Download the News Category dataset from here: https://metatext.io/datasets/news-category-dataset then upload it to your google drive in a folder called "datasets"

In [None]:
from google.colab import drive
drive.mount('/content/gdrive')

Mounted at /content/gdrive


In [None]:
file = "/content/gdrive/MyDrive/datasets/news_category_dataset_sample.txt"

In [None]:
import json

def process_file(file_path):
  news = []
  with open(file_path, 'r') as file:
          for line in file:
              json_object = json.loads(line)
              news.append(json_object)
  return news

news = process_file(file)
print(len(news))

124


In [None]:
news[5]

{'link': 'https://www.huffpost.com/entry/belk-worker-found-dead-columbiana-centre-bathroom_n_632c5f8ce4b0572027b0251d',
 'headline': 'Cleaner Was Dead In Belk Bathroom For 4 Days Before Body Found: Police',
 'category': 'U.S. NEWS',
 'short_description': 'The 63-year-old woman was seen working at the South Carolina store on Thursday.
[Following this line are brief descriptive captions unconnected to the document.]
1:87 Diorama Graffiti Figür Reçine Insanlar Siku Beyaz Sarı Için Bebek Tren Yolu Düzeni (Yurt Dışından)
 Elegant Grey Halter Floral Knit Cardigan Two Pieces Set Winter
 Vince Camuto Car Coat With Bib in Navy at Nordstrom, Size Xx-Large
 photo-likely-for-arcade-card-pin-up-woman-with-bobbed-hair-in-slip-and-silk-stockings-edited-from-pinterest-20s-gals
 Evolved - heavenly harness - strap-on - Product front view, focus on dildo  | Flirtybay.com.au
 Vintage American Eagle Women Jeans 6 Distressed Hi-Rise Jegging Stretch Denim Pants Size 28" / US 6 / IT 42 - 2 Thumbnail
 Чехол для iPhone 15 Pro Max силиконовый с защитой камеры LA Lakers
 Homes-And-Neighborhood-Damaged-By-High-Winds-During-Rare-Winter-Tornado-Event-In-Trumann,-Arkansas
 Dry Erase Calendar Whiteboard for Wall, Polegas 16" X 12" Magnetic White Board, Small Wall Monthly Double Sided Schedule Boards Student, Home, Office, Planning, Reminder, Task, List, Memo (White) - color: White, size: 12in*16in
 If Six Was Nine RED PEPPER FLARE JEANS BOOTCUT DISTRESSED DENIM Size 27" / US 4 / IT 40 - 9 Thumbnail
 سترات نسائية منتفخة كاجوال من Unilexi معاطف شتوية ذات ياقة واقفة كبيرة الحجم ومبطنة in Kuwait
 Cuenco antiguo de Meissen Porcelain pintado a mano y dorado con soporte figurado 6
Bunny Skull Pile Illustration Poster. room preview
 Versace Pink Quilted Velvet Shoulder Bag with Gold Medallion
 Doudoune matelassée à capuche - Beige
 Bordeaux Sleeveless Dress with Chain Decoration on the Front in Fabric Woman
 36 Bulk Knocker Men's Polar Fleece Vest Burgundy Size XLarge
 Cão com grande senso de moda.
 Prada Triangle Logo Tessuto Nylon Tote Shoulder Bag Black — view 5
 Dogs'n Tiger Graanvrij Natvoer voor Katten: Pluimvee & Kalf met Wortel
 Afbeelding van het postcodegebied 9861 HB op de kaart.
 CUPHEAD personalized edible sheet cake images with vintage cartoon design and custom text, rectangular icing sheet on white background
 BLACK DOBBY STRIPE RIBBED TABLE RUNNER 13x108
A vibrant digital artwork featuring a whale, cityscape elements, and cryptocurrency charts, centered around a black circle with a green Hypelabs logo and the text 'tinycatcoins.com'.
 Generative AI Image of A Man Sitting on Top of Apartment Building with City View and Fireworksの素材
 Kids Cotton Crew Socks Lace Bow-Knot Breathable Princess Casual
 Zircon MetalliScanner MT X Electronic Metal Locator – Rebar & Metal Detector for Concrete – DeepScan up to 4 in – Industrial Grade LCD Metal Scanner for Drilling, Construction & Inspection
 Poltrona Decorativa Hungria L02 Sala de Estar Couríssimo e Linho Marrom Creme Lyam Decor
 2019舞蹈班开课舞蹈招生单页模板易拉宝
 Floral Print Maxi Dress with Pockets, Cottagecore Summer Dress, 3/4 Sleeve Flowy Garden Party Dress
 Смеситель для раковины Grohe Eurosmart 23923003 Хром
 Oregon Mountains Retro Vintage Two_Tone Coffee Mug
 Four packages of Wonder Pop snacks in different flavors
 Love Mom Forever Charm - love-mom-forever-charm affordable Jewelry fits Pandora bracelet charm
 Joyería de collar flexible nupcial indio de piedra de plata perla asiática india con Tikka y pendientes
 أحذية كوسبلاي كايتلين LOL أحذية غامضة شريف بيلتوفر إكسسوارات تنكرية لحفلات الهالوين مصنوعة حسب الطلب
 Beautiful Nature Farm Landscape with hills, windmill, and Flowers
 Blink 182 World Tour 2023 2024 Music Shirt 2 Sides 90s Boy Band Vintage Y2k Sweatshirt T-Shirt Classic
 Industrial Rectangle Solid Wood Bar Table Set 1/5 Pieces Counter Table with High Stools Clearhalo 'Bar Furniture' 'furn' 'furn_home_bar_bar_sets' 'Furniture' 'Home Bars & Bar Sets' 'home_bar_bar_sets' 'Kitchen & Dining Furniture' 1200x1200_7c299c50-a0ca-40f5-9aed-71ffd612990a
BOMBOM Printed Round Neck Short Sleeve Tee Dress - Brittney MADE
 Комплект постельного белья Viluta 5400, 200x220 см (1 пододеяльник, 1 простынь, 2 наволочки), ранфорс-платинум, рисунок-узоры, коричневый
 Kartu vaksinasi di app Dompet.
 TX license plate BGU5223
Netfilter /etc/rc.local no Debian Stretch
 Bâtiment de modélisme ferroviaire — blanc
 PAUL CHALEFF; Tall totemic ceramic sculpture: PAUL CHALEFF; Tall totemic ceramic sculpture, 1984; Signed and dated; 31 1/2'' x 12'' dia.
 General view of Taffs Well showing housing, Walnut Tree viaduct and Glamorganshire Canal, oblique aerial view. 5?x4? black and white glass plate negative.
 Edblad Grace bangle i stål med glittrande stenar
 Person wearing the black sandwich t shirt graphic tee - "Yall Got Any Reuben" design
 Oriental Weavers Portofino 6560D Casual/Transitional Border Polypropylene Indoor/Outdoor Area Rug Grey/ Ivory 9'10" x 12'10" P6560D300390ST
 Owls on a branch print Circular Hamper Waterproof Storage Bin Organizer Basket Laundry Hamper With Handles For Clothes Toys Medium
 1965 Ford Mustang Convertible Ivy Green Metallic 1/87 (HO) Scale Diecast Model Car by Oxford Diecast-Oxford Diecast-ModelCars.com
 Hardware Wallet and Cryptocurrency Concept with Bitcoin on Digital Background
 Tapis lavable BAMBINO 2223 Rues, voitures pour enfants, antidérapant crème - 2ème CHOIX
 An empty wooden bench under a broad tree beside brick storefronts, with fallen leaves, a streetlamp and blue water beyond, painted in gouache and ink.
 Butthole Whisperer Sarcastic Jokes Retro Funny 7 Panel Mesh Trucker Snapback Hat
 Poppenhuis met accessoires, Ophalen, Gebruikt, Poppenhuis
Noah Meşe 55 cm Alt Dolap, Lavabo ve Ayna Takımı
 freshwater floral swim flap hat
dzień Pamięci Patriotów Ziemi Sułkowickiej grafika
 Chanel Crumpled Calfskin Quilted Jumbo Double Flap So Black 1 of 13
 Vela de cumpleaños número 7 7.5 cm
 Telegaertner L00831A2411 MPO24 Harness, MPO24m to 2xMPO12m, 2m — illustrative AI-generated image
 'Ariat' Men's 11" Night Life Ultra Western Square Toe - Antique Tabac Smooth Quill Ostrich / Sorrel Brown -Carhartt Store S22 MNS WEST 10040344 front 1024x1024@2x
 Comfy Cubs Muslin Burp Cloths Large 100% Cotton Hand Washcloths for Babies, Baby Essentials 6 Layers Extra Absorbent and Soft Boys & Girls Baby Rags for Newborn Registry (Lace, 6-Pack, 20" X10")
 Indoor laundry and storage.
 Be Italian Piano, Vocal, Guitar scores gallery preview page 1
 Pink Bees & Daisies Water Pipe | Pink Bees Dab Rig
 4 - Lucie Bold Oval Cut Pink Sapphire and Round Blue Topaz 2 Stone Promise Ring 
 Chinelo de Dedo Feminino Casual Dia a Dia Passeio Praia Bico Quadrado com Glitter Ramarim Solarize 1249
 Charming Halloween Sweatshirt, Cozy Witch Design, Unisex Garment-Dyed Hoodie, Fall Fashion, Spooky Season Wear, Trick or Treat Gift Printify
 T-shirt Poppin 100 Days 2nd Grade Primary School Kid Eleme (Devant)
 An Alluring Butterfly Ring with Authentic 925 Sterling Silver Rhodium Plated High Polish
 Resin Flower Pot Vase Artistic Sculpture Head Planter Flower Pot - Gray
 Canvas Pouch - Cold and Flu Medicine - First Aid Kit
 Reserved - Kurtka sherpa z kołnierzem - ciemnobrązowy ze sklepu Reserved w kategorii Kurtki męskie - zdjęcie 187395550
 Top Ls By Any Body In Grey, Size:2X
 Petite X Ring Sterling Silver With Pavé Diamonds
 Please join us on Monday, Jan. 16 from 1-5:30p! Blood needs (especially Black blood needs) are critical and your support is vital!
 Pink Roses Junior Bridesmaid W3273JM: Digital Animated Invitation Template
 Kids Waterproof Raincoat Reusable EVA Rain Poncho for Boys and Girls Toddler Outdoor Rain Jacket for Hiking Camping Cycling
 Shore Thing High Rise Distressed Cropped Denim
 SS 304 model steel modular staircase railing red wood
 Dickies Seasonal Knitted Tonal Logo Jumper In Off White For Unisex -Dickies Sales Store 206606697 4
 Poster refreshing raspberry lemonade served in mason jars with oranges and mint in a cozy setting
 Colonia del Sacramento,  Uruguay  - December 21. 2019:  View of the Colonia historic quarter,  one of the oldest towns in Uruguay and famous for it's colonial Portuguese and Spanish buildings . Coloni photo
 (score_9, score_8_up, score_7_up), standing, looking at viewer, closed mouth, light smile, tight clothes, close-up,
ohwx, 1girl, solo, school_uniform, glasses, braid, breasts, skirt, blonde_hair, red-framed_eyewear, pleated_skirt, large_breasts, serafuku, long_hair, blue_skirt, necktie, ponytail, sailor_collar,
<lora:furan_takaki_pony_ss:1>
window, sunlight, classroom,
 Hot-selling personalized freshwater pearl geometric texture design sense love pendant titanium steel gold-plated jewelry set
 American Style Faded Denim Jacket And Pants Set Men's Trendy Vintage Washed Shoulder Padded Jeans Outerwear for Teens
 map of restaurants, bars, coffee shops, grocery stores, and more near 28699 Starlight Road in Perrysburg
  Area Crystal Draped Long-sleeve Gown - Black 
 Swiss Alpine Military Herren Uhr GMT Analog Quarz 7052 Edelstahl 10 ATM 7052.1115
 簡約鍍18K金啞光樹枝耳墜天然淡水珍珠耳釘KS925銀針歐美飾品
She was found dead Monday after her family reported her missing, authorities said.',
 'authors': '',
 'date': '2022-09-22'}

In [None]:
text_cat_pairs = []

for news_item in news:
    headline = news_item.get("headline")
    short_description = news_item.get("short_description")
    text = headline + " || " + short_description
    category = news_item.get("category")
    text_cat_pairs.append((text, category))

text_cat_pairs[5]

('Cleaner Was Dead In Belk Bathroom For 4 Days Before Body Found: Police || The 63-year-old woman was seen working at the South Carolina store on Thursday. She was found dead Monday after her family reported her missing, authorities said.',
 'U.S. NEWS')

In [None]:
# iterate over text_cat_pairs, which is a list of tuples. Looks at the second element in the tuple. Generate a label_to_index dict and an index_to_label dict from those labels.

label_to_index = {}
index_to_label = {}
i = 0

for (_, label) in text_cat_pairs:
    if label not in label_to_index:
        label_to_index[label] = i
        index_to_label[i] = label
        i += 1

In [None]:
label_to_index

{'U.S. NEWS': 0,
 'COMEDY': 1,
 'PARENTING': 2,
 'WORLD NEWS': 3,
 'CULTURE & ARTS': 4,
 'TECH': 5,
 'SPORTS': 6,
 'ENTERTAINMENT': 7,
 'POLITICS': 8,
 'WEIRD NEWS': 9,
 'ENVIRONMENT': 10,
 'EDUCATION': 11,
 'CRIME': 12,
 'SCIENCE': 13}

In [None]:
index_to_label

{0: 'U.S. NEWS',
 1: 'COMEDY',
 2: 'PARENTING',
 3: 'WORLD NEWS',
 4: 'CULTURE & ARTS',
 5: 'TECH',
 6: 'SPORTS',
 7: 'ENTERTAINMENT',
 8: 'POLITICS',
 9: 'WEIRD NEWS',
 10: 'ENVIRONMENT',
 11: 'EDUCATION',
 12: 'CRIME',
 13: 'SCIENCE'}

In [None]:
import torch

def convert_labels(label):
  return torch.tensor(label_to_index[label])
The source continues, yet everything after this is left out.